I solved all that by not having any 4K content. These 61 year-old eyes can’t tell the difference from the couch. :eye: :eye:

1 Like

Oh, it’s time for glasses as the difference on a good OLED is spectacular :upside_down_face: :wink:

I can’t hear my fans. For one, they are variable, for two, I built an insulated and AC server closet where all my computers are. I can hear it while it’s booting, but once it’s on and the fan management comes on it’s quiet. Then again, I’m old and a little deaf.

Super old CPU? not really for a file server, or a plex server apparently. It’s still plenty fast. I’d be fun to see how fast on my 9900k though.

It is old. It’s a Haswell CPU from 7 years ago.
A modern architecture with less cores and a new iGPU would be a better Plex server for a LOT less watts.

They may be old CPU’s but still a pretty impressive Benchmark for a Dual XEON !!

image

1 Like
  1. eyes aren’t that bad and
  2. don’t have a good OLED. Don’t even have a bad OLED for that matter. Just a regular Samsung 4K LED that looks great.

I’ve run some 4K stuff through it to A/B it with 1080 and I found I have to get about three feet or less from the screen to see any appreciable difference. Certainly not optimal viewing distance for a 60" TV. So 1080 is where I live.

Yea, it’s old, but not super old. I was on a 2620 which is a 6core 2.4ghz. Just got these 14core CPUs yesterday for $300 for 2. A new server starts at $4k, way I’d configure it, be around $6-7k. And that just isn’t in the cards these days.

Hey, I’m old too, just not super old. LOL.

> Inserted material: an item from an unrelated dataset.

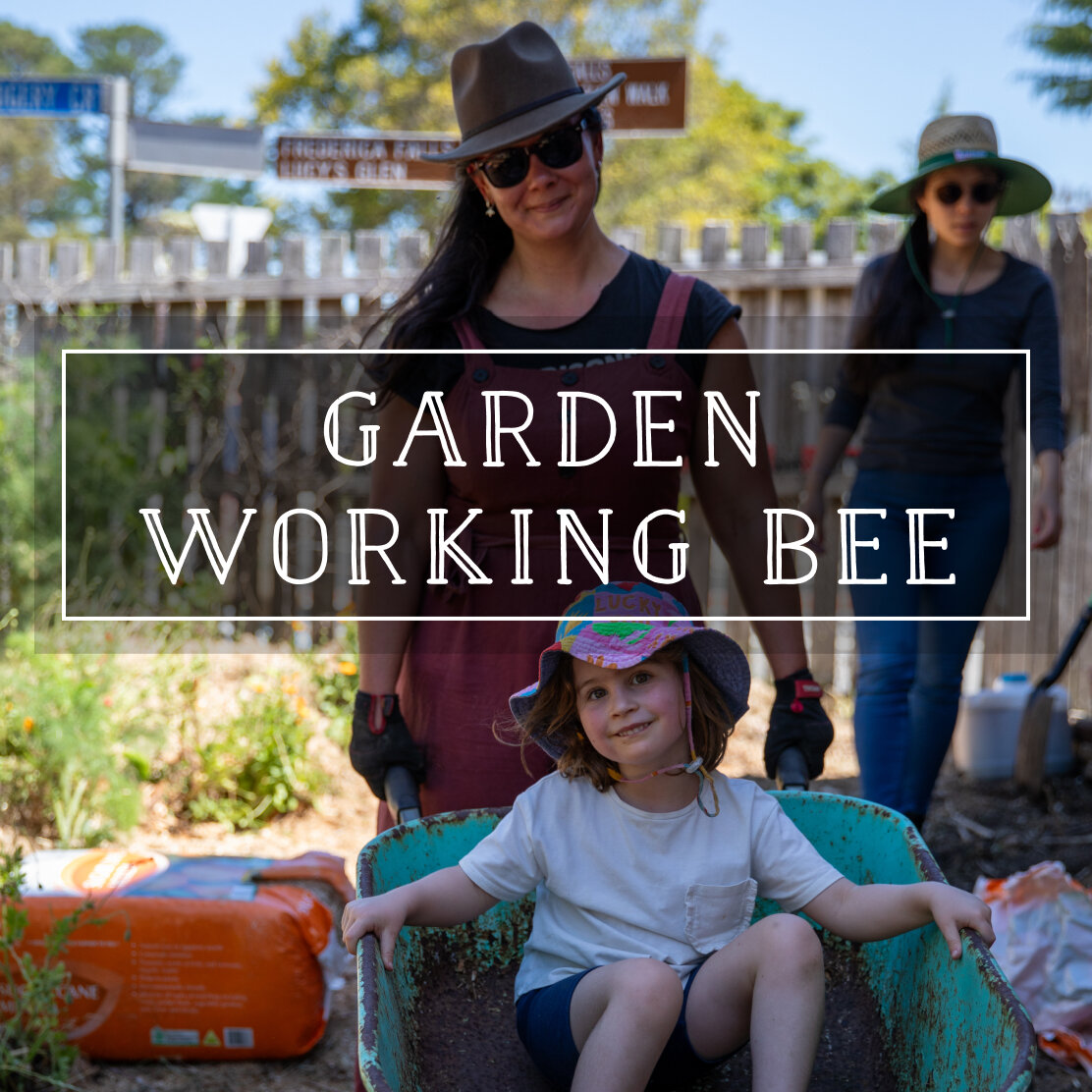 This Sunday (25 Feb) 1:30 pm to 4:30 pm - Lyttleton Garden Working Bee. Join us the fourth Sunday of every month to touch the dirt, connect with community, and continue bringing life and love to Lyttleton Community Garden.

The Intel 10400 at under $200 has been fantastic for me so far. Can have multiple 4k streams using HW transcoding and the CPU barely budges. Though as above user said, definitely doesn’t look as cool in task manager :stuck_out_tongue:

definitely doesn’t look as cool in task manager

Sure doesn’t. Here’s a boring old Quadro banging away at a transcode with NVENC/NVDEC and a couple of CUDA filters running.

Definitely not as exciting as watch the dual E5-2680’s having at it.

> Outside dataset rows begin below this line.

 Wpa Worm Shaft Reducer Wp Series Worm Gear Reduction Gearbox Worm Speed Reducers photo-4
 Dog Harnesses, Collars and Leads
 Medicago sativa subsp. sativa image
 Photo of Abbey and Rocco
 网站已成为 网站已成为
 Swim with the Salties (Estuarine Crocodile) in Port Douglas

dlrohwer, How do you like the P4000? what do you do for work? I have the M6000 (I think 1 gen older, no?) and do heavy CAD/FEA/etc

Yep, it was for CAD. That Quadro is from my old SolidWorks station. Moved to a Quadro RTX4000 so I could handle bigger assemblies.

It’s an interesting comparison between the P4000 and the M6000. Even though it’s older, your M6000 is a better overall card. You’ve got 3X the memory and more bandwidth. You’ve also got 2 dedicated NVENC chips to my 1.

The big advantage of the P4000 is that it has the newer gen NVENC engine that handles things like 10-bit H.265. People claim that the NVENC implementation in the Pascal and later series cards also produces much, much better looking results for H.264 and H.265 encodes. I’ve never tested it versus an older card so I can’t really say.

The RTX4000 really screams versus the P4000 on large assemblies so I’m sure that it’ll outclass the M6000 as well. Of course, my bank account and my wife also screamed when I bought it so you’d expect it to produce better results.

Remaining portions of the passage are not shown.